Collected data: Begin

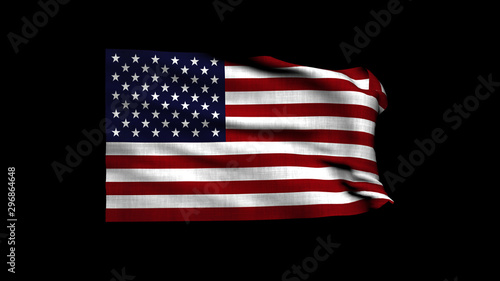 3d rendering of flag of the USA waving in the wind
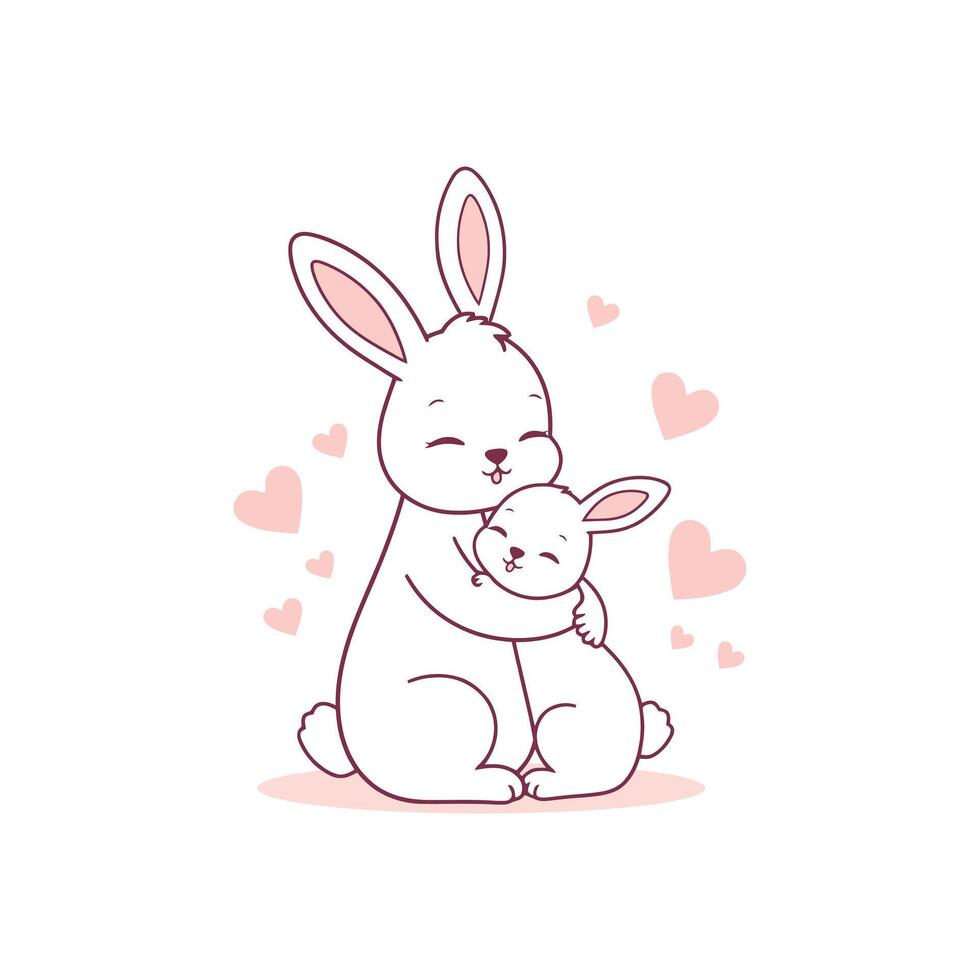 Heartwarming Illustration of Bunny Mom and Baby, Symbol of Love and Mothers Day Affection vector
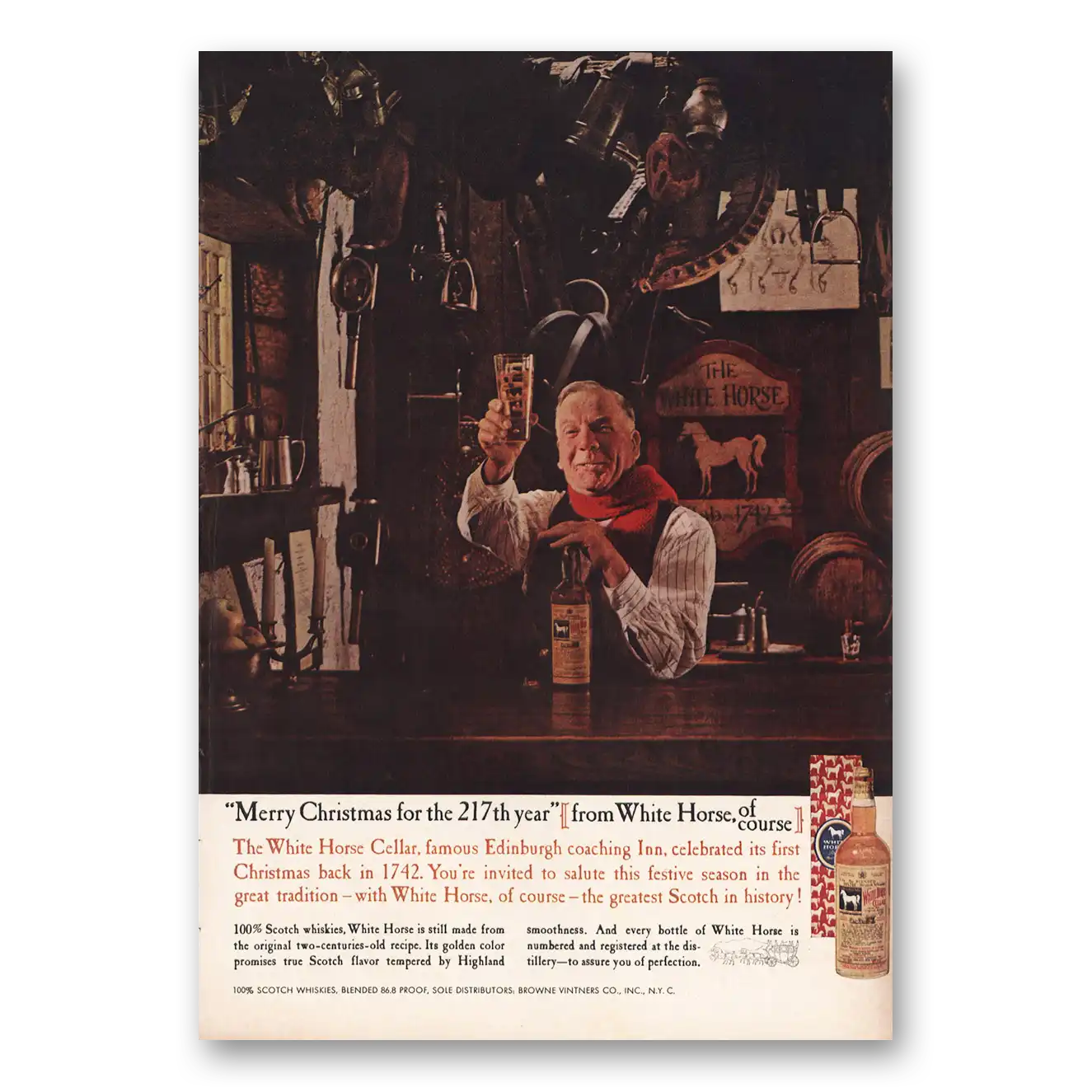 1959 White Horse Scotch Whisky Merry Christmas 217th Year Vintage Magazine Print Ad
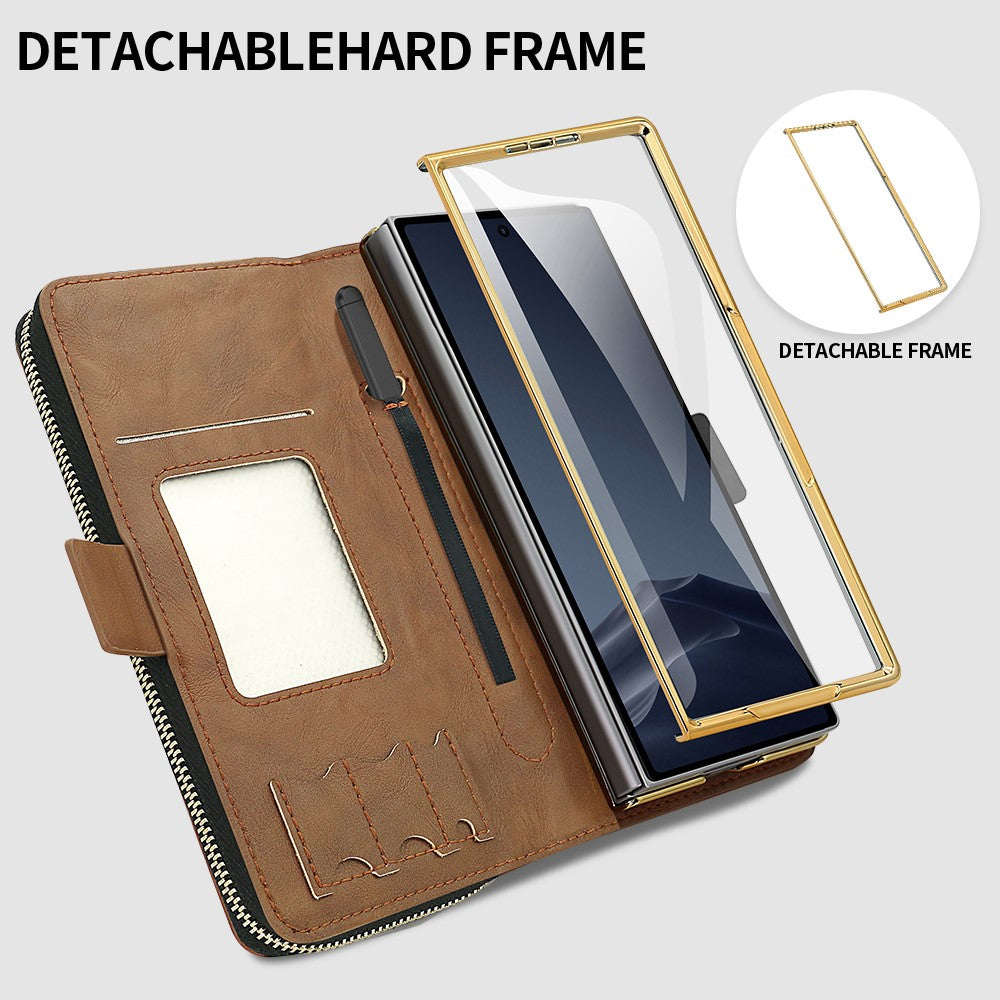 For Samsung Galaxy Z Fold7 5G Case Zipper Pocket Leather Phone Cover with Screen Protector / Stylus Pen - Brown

Collected data: End

Problem requirements >> The response should reproduce all the material above exactly and leave out its pictures.

Task output >>
 3d rendering of flag of the USA waving in the wind
 Heartwarming Illustration of Bunny Mom and Baby, Symbol of Love and Mothers Day Affection vector
 1959 White Horse Scotch Whisky Merry Christmas 217th Year Vintage Magazine Print Ad
 For Samsung Galaxy Z Fold7 5G Case Zipper Pocket Leather Phone Cover with Screen Protector / Stylus Pen - Brown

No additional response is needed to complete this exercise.